En parallèle, les employés du port ont bien l’intention de faire part de leur mécontentement. La Cargo Handling Corporation (CHC) est au cœur des tensions en raison du non-respect d’un accord collectif signé en août dernier. La Port-Louis Maritime Employees Association (PLMEA) dénonce le non-respect de la «Seniority list» dans des promotions au sein de la CHCL, engendrant frustration et grogne. La situation a atteint un point critique, avec une première tentative de «paralysie» du port il y a environ deux semaines, les employés boudant les heures supplémentaires. La menace d’une grève à partir d’aujourd’hui plane. La CHC est désormais à la croisée des chemins, devant prendre des mesures immédiates pour résoudre cette crise et éviter des conséquences dommageables. Cependant, la perspective d’une grève ne fait pas l’unanimité au sein des syndicats du port. Certains estiment que ce n’est pas le moment opportun pour une telle action et ont exprimé leur intention de ne pas y participer. Nous avons tenté en vain d’obtenir une réaction de la Port-Louis Mari- time Employees Association.

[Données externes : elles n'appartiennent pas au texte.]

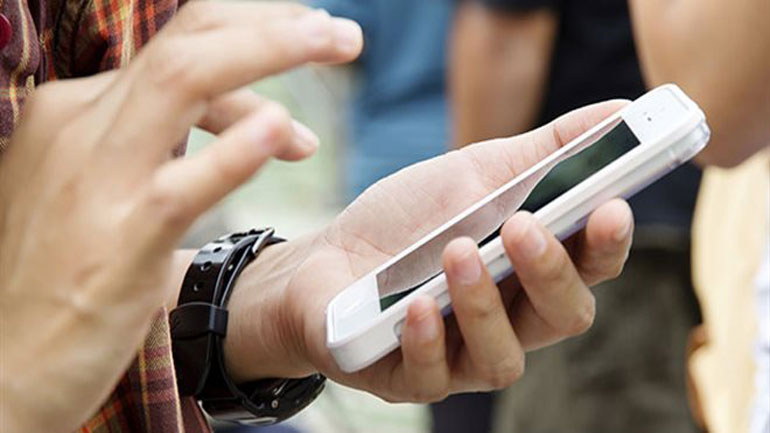 Πάνω από το 70% των Κινέζων αγοράζουν κινητό τηλέφωνο κάθε δύο χρόνια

Face à cette crise grandissante, les autorités sont appelées à intervenir rapidement et mettre en place des solutions efficaces. Des commerçants partagent leurs préoccupations quant à la dégradation de la situation, exprimant la nécessité d’une coordination urgente entre les différentes parties prenantes, y compris les autorités portuaires et les employés du port. Ils soulignent que cette crise menace de mettre en danger la disponibilité des produits pour les consommateurs. Le risque imminent de grève accentue les inquiétudes quant à d’éventuelles perturbations des opérations portuaires, ce qui pourrait avoir des répercussions significatives sur l’économie locale et les partenariats commerciaux.

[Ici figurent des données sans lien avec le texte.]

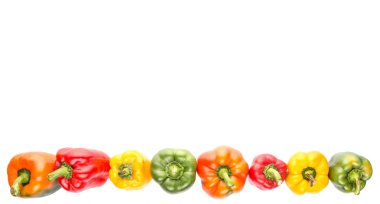 bir grup farklı rengi beyaz zemin üzerine kırmızı biber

Port-Louis à la 327e place sur 344 ports
Le dernier rapport de la Banque mondiale, intitulé «The Container Port Performance Index 2022», met en lumière une situation préoccupante pour le port. Selon ce rapport, Port-Louis, en termes d’efficacité, se retrouve à la 327e place sur 344 ports à l’échelle mondiale, et à la 30e place parmi les 37 pays de l’Afrique subsaharienne.

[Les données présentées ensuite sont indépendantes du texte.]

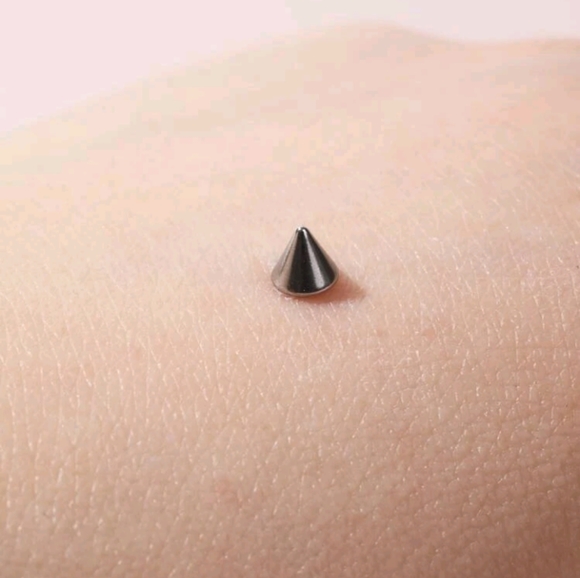 3pcs/set Fashion Titanium Alloy Cone Shaped Non-piercing Body Jewelry - Picture 2 of 6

Ces résultats placent Port-Louis derrière d’autres ports de la région, notamment Toamasina, le port de Madagascar, qui occupe la 10e position. De plus, les ports de Victoria (13e ), Mayotte (15e ) et La Réunion (22e ) surclassent également Port-Louis dans ce classement inquiétant. Ces données mettent en évidence la nécessité pressante d’une réévaluation des pratiques et des processus opérationnels au sein du port. Des améliorations significatives sont nécessaires pour renforcer la compétitivité et la performance du port face à une concurrence régionale de plus en plus féroce. La conjonction de ces résultats inquiétants avec les tensions internes actuelles au sein de la CHC souligne l’urgence d’une action concertée pour surmonter les obstacles et restaurer la réputation du port.